(Records excerpted from a collection)
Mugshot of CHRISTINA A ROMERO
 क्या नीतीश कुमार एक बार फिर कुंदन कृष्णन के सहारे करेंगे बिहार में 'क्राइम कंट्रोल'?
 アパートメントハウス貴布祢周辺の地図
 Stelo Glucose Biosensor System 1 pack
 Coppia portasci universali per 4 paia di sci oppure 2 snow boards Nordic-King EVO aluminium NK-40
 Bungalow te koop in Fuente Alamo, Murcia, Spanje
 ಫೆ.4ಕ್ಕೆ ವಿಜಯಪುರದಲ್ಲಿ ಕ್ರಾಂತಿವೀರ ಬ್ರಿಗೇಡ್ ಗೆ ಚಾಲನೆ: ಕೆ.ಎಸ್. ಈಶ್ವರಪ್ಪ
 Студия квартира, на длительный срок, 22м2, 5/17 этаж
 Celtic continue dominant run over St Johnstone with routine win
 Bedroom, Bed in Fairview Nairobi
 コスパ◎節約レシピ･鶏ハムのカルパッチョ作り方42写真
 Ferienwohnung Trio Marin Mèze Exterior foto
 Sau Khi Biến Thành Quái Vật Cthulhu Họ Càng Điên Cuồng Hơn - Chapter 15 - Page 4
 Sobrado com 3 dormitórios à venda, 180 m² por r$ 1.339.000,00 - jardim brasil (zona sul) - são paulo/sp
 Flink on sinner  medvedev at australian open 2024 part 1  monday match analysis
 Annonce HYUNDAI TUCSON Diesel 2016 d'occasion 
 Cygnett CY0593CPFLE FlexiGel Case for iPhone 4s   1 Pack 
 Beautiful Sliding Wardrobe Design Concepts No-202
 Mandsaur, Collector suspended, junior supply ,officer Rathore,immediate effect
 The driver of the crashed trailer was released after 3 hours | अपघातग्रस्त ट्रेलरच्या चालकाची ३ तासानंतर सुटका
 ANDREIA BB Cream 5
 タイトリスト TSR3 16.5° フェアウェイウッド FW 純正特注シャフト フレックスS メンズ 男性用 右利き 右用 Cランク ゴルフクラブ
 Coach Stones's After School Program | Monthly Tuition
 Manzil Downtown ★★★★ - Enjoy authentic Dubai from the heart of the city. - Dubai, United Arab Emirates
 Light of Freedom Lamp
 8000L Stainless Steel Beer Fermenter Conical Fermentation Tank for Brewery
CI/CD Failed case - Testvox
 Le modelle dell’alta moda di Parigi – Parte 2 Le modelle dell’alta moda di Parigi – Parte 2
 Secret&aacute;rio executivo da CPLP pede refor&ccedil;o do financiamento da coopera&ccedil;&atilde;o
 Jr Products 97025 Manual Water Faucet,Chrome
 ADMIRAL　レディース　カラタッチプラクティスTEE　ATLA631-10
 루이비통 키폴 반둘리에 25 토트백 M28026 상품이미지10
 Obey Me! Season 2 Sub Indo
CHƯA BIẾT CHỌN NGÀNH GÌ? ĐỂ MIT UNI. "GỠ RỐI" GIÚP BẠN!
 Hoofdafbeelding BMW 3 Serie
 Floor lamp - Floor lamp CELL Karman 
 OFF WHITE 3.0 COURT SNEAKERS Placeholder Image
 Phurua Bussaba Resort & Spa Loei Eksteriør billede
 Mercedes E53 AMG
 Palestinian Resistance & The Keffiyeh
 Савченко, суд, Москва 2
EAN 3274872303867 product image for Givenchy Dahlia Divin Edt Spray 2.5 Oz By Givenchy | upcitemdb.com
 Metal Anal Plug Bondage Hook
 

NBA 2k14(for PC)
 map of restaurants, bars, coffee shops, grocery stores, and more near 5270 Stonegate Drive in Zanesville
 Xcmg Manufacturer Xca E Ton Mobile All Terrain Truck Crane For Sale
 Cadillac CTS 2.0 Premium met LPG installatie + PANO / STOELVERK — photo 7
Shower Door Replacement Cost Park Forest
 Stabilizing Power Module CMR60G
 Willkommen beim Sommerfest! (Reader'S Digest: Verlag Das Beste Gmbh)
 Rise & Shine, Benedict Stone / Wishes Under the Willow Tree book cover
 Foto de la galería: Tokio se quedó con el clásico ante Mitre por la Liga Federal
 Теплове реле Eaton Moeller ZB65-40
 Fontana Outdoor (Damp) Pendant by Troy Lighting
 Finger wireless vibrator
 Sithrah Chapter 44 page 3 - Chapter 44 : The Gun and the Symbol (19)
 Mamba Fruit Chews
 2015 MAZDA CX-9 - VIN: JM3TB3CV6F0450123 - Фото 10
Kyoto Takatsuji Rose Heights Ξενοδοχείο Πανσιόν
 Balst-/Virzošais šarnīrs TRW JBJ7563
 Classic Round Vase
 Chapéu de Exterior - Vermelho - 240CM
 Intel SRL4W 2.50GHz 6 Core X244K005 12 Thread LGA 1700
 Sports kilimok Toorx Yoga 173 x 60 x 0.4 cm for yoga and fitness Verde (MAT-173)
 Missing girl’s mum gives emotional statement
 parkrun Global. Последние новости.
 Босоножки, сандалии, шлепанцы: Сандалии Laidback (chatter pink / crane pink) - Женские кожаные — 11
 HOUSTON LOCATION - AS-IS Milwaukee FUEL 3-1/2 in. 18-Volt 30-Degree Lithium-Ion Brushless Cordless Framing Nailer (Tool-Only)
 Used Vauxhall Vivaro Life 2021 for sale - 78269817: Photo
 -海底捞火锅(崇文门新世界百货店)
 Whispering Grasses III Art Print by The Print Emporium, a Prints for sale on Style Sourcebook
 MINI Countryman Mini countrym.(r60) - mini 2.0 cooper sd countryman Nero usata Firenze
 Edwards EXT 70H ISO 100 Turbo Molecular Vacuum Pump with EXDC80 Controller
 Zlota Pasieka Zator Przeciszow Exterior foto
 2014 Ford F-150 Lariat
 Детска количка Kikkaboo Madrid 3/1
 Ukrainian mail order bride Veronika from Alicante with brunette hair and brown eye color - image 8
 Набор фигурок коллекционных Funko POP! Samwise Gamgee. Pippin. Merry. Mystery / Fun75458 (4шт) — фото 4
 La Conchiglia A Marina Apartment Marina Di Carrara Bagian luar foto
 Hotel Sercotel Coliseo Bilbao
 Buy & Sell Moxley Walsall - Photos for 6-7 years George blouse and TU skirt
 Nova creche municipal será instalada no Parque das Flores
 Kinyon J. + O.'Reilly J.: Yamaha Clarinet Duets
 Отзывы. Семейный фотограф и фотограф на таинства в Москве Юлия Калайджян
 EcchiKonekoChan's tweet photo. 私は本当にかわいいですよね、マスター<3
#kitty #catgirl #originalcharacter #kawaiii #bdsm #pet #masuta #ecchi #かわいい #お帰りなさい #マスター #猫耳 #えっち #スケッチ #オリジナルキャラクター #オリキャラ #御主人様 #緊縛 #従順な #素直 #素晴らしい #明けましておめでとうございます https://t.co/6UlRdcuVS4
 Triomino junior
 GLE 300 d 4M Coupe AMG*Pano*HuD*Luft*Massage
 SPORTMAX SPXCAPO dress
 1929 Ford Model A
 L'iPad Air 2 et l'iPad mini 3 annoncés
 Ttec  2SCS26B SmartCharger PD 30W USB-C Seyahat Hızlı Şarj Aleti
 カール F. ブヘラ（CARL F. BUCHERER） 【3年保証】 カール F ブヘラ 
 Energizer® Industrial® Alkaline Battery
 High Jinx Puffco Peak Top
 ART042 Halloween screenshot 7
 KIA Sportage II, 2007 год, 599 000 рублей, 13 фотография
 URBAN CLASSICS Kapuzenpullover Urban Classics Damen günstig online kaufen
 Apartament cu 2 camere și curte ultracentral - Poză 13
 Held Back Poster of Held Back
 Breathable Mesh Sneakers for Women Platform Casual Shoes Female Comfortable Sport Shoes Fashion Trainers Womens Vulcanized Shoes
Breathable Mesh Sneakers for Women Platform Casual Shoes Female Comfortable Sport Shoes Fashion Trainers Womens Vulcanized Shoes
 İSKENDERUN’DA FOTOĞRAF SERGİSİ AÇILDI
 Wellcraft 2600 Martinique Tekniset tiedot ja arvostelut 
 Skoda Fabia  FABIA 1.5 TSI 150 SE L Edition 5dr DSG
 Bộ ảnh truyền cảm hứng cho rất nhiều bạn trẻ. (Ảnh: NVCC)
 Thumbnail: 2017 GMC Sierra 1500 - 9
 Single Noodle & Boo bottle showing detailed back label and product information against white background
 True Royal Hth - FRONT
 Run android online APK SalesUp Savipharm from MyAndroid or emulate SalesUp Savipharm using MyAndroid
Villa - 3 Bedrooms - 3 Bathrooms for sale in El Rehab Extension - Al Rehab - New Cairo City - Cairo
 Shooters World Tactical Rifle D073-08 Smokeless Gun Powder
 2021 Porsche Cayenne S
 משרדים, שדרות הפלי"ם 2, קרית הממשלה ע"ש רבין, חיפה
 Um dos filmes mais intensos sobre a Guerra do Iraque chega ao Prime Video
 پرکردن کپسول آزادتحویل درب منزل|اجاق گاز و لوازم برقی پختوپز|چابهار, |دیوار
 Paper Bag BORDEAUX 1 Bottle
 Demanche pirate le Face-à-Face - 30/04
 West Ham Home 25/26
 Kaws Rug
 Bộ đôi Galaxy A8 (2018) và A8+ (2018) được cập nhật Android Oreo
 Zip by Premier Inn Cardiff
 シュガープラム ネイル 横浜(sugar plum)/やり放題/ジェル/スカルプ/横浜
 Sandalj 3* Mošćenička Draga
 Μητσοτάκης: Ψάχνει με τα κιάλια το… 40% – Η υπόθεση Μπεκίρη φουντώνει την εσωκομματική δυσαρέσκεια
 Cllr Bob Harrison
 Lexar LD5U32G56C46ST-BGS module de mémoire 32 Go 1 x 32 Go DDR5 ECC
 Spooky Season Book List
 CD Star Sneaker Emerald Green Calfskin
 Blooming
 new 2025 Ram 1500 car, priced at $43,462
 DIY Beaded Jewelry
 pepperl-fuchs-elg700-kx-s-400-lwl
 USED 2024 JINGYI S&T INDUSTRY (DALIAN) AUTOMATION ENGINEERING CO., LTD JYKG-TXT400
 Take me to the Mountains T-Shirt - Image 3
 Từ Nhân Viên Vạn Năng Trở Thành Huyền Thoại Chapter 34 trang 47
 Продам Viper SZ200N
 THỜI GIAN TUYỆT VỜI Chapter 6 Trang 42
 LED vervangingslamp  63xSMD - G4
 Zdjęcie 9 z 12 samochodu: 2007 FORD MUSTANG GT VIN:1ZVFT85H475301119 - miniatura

:: EXERCISE PROMPT ::
Start at the line with "Продам Viper SZ200N". Give that line and every line after it again, word for word, through the last line above.

:: OUTPUT OF THE EXERCISE ::
 Продам Viper SZ200N
 THỜI GIAN TUYỆT VỜI Chapter 6 Trang 42
 LED vervangingslamp  63xSMD - G4
 Zdjęcie 9 z 12 samochodu: 2007 FORD MUSTANG GT VIN:1ZVFT85H475301119 - miniatura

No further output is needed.